Por isso é uma pena, é lamentável, é digno de compaixão, dá dó mesmo ver tantas pessoas estagnadas no trânsito, remoendo a raiva de ainda não terem chegado em casa e crentes de que o congestionamento são os outros! A realidade poderia ser diferente: as vias locais poderiam ser um espaço tranquilo e de convívio entre todas as modalidades e as vias de ligação poderiam dar fluidez ao transporte coletivo. As janelas das casas não precisariam permanecer fechadas para abafar o ruído de tantos motores imóveis e de tantas buzinadas inúteis. Com tanta ciência e tecnologia, com tanto conhecimento e imaginação, é patético constatar tantas pessoas iludidas de que uma pista a mais aqui e um viaduto a mais ali resolverão, enfim, final e definitivamente, os problemas de trânsito da cidade!

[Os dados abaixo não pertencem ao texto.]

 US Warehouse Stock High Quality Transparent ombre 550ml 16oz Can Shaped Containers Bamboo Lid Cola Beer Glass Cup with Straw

O mais duro é que esta pena, este sofrimento, este martírio, este tormento diário e cotidiano é chamado de progresso, é considerado índice de desenvolvimento de um lugar. Mais carros significam, para a mentalidade tecnoeconomicista, mais pessoas bem-sucedidas. Pátios de montadoras lotados denotam que o povo está com pouca grana. Já as ruas lotadas são sinal de economia aquecida. O Governo Federal diminui os impostos para atender as montadoras, a mídia glamouriza o modo de vida motorizado e o indivíduo reverbera aqui embaixo: “Eu padeço aqui engarrafado, mas com ar condicionado e DVD a bordo. E aqueles ali, amontoados no ônibus, devem reclamar para a prefeitura, porque eu não tenho nada a ver com isso”.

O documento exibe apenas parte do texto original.